▶ [PROBLEM TO SOLVE]: Search the entries for the word "Photo" and report each line that has it.

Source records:
--------------------------------
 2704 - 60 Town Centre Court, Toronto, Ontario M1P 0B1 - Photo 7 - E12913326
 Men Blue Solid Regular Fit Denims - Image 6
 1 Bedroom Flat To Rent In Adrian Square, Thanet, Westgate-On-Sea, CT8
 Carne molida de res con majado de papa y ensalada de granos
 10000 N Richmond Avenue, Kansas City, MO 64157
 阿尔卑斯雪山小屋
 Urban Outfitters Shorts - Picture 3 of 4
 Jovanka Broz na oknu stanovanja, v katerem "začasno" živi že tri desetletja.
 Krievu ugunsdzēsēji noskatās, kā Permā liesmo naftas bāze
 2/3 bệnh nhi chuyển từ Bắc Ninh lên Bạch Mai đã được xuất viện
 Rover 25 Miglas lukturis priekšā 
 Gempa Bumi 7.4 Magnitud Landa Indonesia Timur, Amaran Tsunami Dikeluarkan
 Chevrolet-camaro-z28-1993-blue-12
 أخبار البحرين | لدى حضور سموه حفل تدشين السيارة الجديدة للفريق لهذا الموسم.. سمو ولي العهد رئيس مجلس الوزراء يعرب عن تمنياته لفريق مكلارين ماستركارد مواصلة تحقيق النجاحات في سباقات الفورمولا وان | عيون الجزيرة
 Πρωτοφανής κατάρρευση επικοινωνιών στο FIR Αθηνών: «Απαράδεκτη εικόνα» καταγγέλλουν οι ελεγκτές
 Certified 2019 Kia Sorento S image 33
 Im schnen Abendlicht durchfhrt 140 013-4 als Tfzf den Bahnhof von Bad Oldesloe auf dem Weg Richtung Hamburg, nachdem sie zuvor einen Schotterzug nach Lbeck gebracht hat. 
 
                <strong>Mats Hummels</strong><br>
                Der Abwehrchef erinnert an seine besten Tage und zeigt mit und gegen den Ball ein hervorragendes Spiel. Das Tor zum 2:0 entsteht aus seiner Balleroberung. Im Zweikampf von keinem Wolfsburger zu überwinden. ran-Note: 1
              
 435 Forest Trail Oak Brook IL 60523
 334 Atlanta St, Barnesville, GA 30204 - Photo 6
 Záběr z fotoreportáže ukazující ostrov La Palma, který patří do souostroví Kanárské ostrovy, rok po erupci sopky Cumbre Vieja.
--------------------------------
▶ [REPLY]:
 2704 - 60 Town Centre Court, Toronto, Ontario M1P 0B1 - Photo 7 - E12913326
 334 Atlanta St, Barnesville, GA 30204 - Photo 6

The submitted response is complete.